Es verano. Es temprano, pero el termómetro ya promete que el sol rajará la tierra. O no: es pleno invierno. Aunque es tarde, todavía no aclara y la chapa del galpón será una cruel cómplice del frío antepatagónico.

La escena, en ambas estaciones, es alegre, porque en cualquier caso me quedé a dormir, una vez más, en la casa de mis abuelos. Casa que tiene carpintería. Casa que tiene cocina. Casa que tiene abuelos. Casa en vacaciones. Casa que, entonces, solo puede ser feliz.

La secuencia comienza con un café latte acompañado con un caserito untado con suave manteca endulzada. Bah, así imagino que sonaría hoy, casi treinta años después, en un menú de moda. Pero era café (presumiblemente instantáneo) con leche con panconmantecayazúcar. Así, todo junto, de un solo tirón y de no muchos más bocados. Porque había que ir al taller. Al lugar en el que, ahora que era grande, me dejaban entrar.
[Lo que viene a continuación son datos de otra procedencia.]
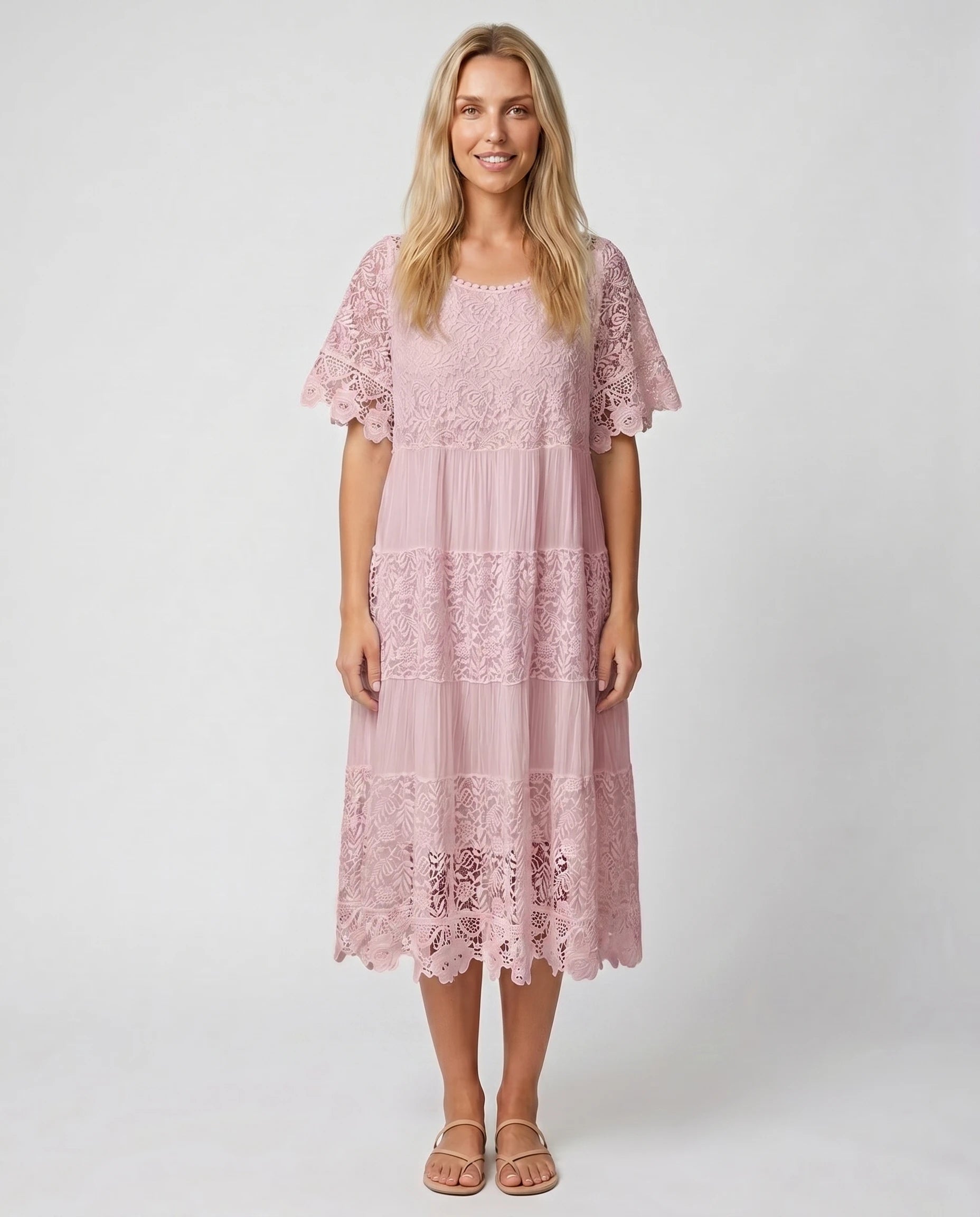 Robe midi en dentelle rose poudre studio face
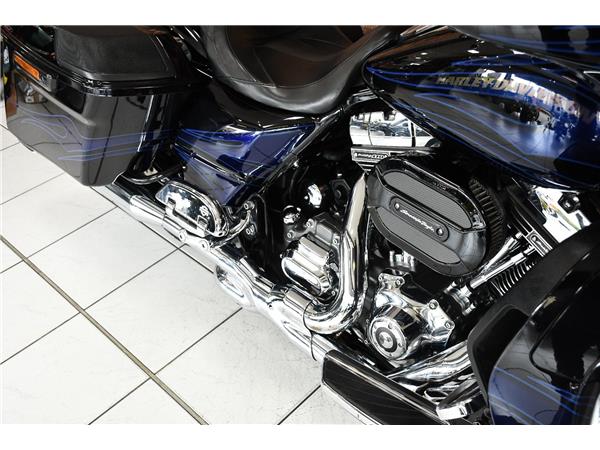 2016 HARLEY-DAVIDSON CVO FLHXSE STREET GLIDE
Con 10 años, la carpintería del abuelo Tito me parecía un paraíso. Madera, clavos, herramientas, máquinas, posibilidades casi infinitas. Los grandes trabajaban y había que procurar no molestarlos. La transformación de una tabla rústica en un delicado mueble de hogar me deslumbraba. A mí me tocaba quedarme en algún rincón y, desde ahí, soñar, golpe a golpe y verso a verso: “carpintero, lindo oficio, quién no lo quiere aprender”, canturreaba el abuelo.

La mañana pasaba como si absolutamente ningún otro asunto tuviera importancia. No se dejaba nada para después. Además, era corta. Con la rigurosidad impuesta por tener el taller en casa (¿home office?), los abuelos habían acordado momentos bien claros de corte a la mañana, de almuerzo, de siesta y más (una sabiduría que recién en unos años los libros de management terminarán de captar). Entonces, a las 12, chau. El mundo imaginado desde el desayuno —apenas interrumpido por un sándwich de queso y nada más— se cortaba.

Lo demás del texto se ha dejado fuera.